Breaking up is never easy and especially when there is abuse involved. Here are some of the reasons why it can be so tough to end a relationship:
- Love: You care about your boyfriend or girlfriend. There are good sides to that person and sometimes, they're loving or good to you, but it's important to remember that no relationship is worth feeling afraid or being hurt.
- Fear: You might be scared that your boyfriend or girlfriend will hurt you or themselves if you try to leave them. Keep reminding yourself that the abuser does this to control you and you can reach out to others for help.
- Embarrassment: It's not easy to admit that the relationship you are in isn't healthy, especially if you're worried about losing friends because of a break up. You might also be worried that your parents will overreact if they find out. That's why it's so important to reach out to trusted friends and adults who will support you.
Ending an abusive relationship can be hard on you emotionally. It can also be dangerous. Abusers need to believe they're in control and when they're not, they often become even more angry and dangerous. If you're thinking about ending an abusive relationship, you need to have a safety plan in place.
- If you don't feel safe, don't break up in person.
- If you decide to break up in person, do it in a public place. Let someone know where you are going and ask them to be nearby in case you need help. Have a cell phone with you.
- Keep it simple. There isn't anything you can say to make it better, just tell them why you want to break up and then leave.
- Build a support network. Let your friends and parents know that you are ending the relationship. If you're concerned that your ex might stalk you or try to corner you alone, be sure your friends and parents know that. Arrange for someone to walk with you from school and avoid any situations where you are left alone. Stick with a friend at parties or events that your ex might attend. Talk to your teacher or counselor - they might be able to adjust your class schedule or come up with other ways to make you feel safe.
- Be prepared to deal with how you're going to feel. You might miss your boyfriend or girlfriend a lot.

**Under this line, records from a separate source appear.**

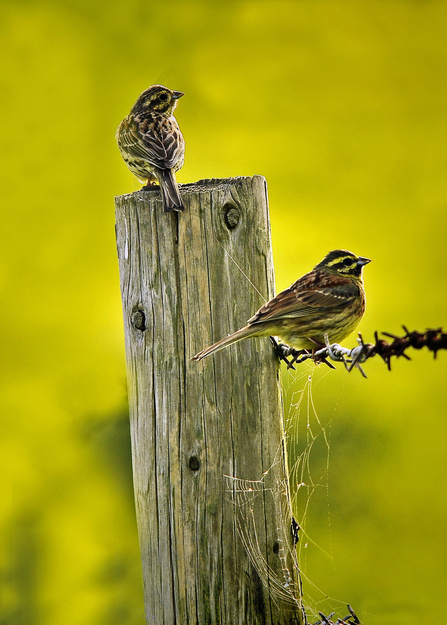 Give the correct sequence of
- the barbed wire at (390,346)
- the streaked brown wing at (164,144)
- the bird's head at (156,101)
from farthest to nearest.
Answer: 1. the bird's head at (156,101)
2. the streaked brown wing at (164,144)
3. the barbed wire at (390,346)

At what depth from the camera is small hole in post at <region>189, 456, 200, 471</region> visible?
2725 mm

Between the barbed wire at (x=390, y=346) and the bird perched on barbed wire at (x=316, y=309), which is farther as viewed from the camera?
the bird perched on barbed wire at (x=316, y=309)

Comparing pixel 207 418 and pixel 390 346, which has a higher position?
pixel 390 346

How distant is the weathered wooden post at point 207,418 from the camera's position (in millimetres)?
2717

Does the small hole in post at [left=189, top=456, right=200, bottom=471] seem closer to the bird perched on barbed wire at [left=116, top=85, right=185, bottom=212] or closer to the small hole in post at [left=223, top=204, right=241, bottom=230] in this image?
the small hole in post at [left=223, top=204, right=241, bottom=230]

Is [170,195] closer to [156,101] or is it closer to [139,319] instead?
[139,319]

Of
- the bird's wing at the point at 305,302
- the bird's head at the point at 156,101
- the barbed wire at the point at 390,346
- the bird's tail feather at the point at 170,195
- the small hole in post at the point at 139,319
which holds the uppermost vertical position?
the bird's head at the point at 156,101

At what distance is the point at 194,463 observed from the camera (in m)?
2.72

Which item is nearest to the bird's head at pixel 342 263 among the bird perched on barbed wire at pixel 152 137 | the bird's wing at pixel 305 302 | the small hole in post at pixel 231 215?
the bird's wing at pixel 305 302

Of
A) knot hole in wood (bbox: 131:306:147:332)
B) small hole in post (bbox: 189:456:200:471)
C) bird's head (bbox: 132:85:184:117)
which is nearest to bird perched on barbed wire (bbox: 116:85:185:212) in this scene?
bird's head (bbox: 132:85:184:117)

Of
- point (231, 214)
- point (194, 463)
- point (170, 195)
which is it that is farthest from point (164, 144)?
point (194, 463)

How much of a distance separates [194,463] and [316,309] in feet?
3.54

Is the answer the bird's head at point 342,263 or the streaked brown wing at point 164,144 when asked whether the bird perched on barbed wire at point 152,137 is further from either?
the bird's head at point 342,263

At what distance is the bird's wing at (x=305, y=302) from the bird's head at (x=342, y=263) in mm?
123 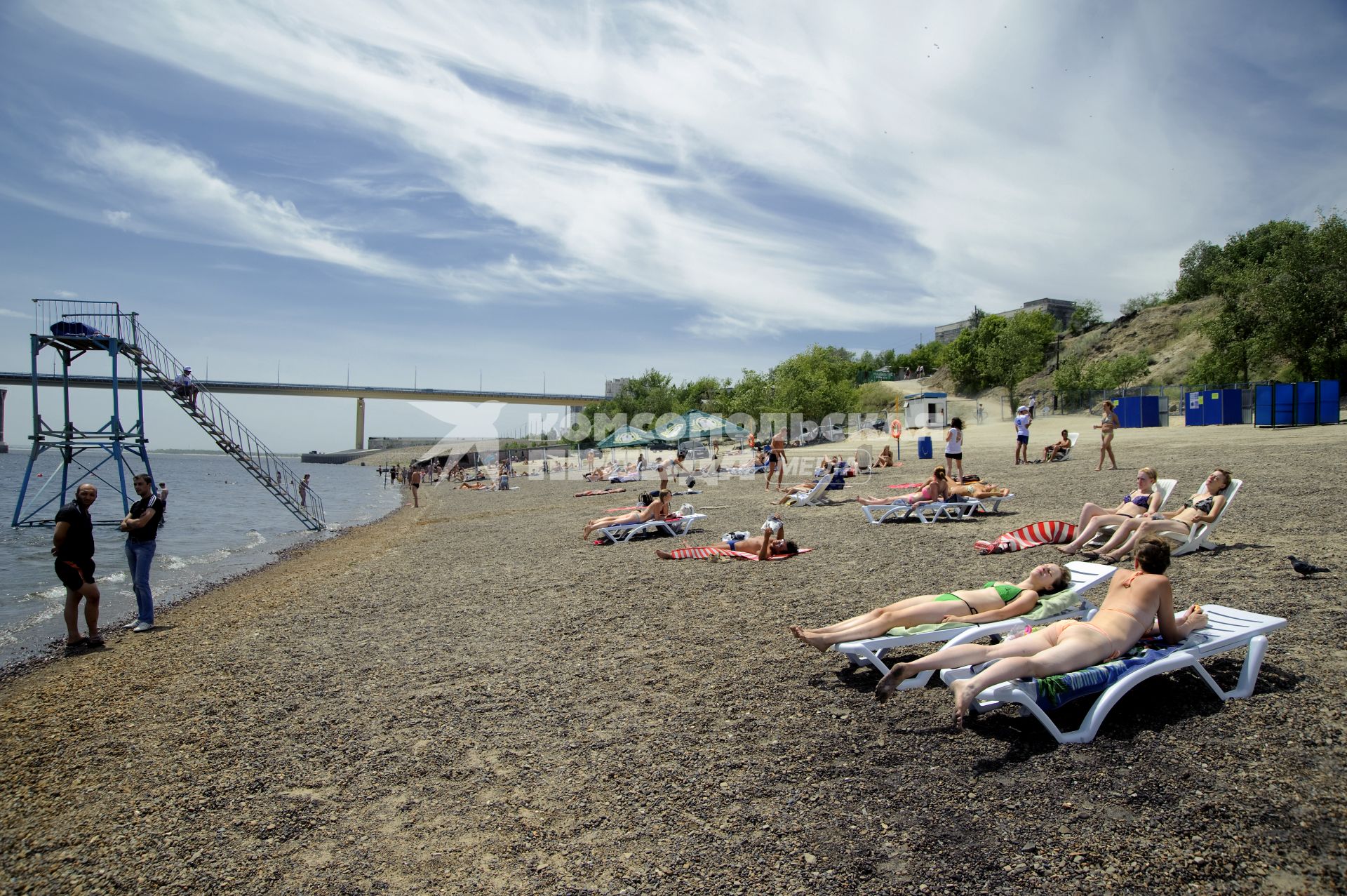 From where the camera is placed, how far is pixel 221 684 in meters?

They have probably become an important part of your life and it's not unusual to feel lonely after breaking up with them. Reach out to your friends and try new activities to make it easier for yourself.
- Set your profile on social networking sites like Facebook or MySpace to private. Ask your close friends to set their profiles to private, too so that your ex can't follow your activities through their profiles.
- Talk to the counselors at the House Of Ruth Maryland
- If you're in immediate danger, call 911
While cell phones and computers have made it easier to stay in touch with family and friends anytime, anywhere - they've also provided a cheap and easy way for abusers to stalk, threaten and harass their victims. Emails, instant messaging, social networking sites like Facebook or MySpace, cameras, listening devices and Global Positioning Systems (GPS) are all readily available weapons that abusers can use to control and make life miserable for their victims. Many abusers consider it a personal challenge - a way to provoke, instill fear and constantly remind their victim of their presence even when the relationship is over.
Here are some ways to protect yourself:
- Protect your cell phone and email with a secure password that would be difficult for anyone to guess. Change your passwords often.
- If you have a website or blog, use a stat counter to monitor your online visitors. They are free and can identify an IP address, location and the Internet service provider used if you need to identify someone who is harassing you.
- If you are ending a relationship, especially if they have been abusive, reset every password you have to something no one could possibly guess.
- If you suspect you are a target of cyber stalking, get your computer checked by a professional.
- Record all incidents of harassment: time, place and what happened. Don't delete any messages. If things get worse, they could be used as evidence.
- Keep your cell phone with you at all times. Block outgoing caller IDs and do not accept "private calls." Memorize emergency numbers in case you need them at a moment's notice.
- If they keep sending messages, contact the person's Internet service provider. They may be able to terminate their service depending on their policy.